I was initially wary of Victor getting scooped up by an underground, Rossum-connected military group, but maybe that was my Initiative allergy acting up a little. When they implanted Victor with the chip that integrated him into their Borg-like hive mind, however, I was mightily impressed—and even more impressed an episode later, when the Attic revelations came back to mass, brain-harvesting functionality. It’s long been a staple of anti-war genre pieces (zombie films especially) to show how individuals are folded into the mindless whole, but “Stop-Loss” takes that concept to a fresh place. The techno-coolness (and creepiness) of Rossum soldiers literally in lock-step with each other—hearing one another’s thoughts, seeing what everyone sees, conforming to a plan without question—was both novel and presented some interesting conundrums for how Echo and the gang could play their groupthink against them. It was, of course, predictable that Sierra would liberate Victor’s mind from the dictates of his microchip, but no less affecting for it.
What else to talk about? Here and in the next episode, the plotting is giving Dushku’s Echo the opportunity to kick ass Faith style whenever possible, which the actress is more than capable of doing. Echo’s recent ability to harness the 40+ identities in her brain has made her a powerful force—and, as we see in the next episode, uniquely vulnerable as well. And “Stop-Loss” also features the continuation of Adelle’s dark side, alternately boozing up in self-pity and pulling off ruthless power plays in trying to gain leverage over her deteriorating branch. Can’t say enough about how good Olivia Williams is here and elsewhere: She’s sexy, icy, vicious, yet also desperately sad and determined and strong. “Cruella DeWitt” one minute, a vulnerable mess the next. Great stuff.
Grade: A
Stray observations:
• If you’re on Twitter, send your congratulations to Kate Comer (@katecomer), an A.V. Club reader, actress, and Whedon superfan who appears on this episode as the last person to tell Victor it’s time for his treatment. Well done, Kate. You made getting a treatment sound like appropriately appealing prospect.
• “And the war?” “Still going.”
• Favorite line-reading of the night, from Williams to Echo on Ballard’s treatment: “No need to fret.
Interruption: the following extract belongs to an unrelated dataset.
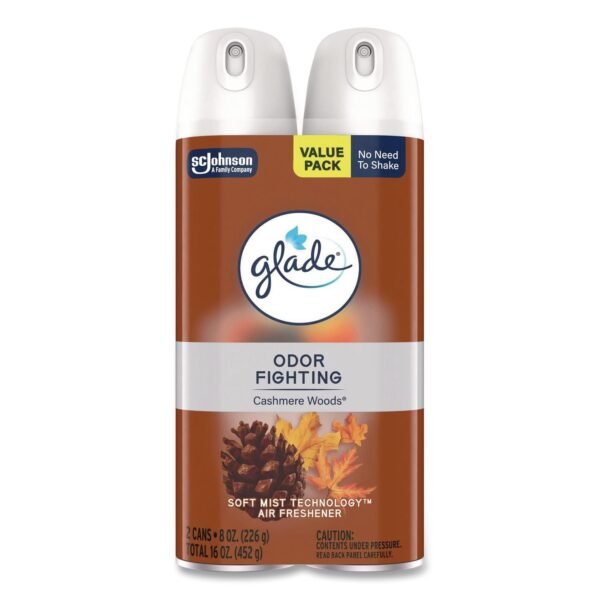 Glade Air Freshener, Cashmere Woods, 8.3 oz Aerosol Spray, 3/Carton (377361)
He’s receiving top-notch care.” The drunken, sarcastic twill in her voice sells it.
• Adelle out cold. Topher: “After we’re done here, can I go to her office with a Sharpie?”
• Spooky final shots of Echo, Victor, and Sierra going into the attic. My favorite touch: The tightly-stretched cellophane covering up the tank. Dolls going back in the box.
The Attic
What’s the proper reaction to this episode, other than an inarticulate “gah” or a text-friendly OMFG? Here we finally get to the world revealed by “Epitaph One” and like that hour, it’s so disorienting and mind-blowing and brilliant that a bloggy insta-reaction can’t do it justice. I just want to watch it again, or, barring that, stir restlessly in bed as its nightmarish abstractions play in my head. But I abide…
So here we learn what The Attic is all about. To be honest, I tended to think of “The Attic” as more a euphemism than an actual thing, a place where damaged (or troublesome) persons were tucked away in cold storage and braindead. As it turns out, the “cold storage” part isn’t all that far off, though I guess the (amniotic-like) fluid baths are probably kept at a comfortable temperature. But I was completely wrong about the “braindead” part—no, the Attic-dwellers are not conscious or anything, but their brains are not only active but hyper-active, part of a networked series of identities that’s been greatly enhanced by the imprinting process. (Let us now pause to admire the genius of that revelation. Now, onward.)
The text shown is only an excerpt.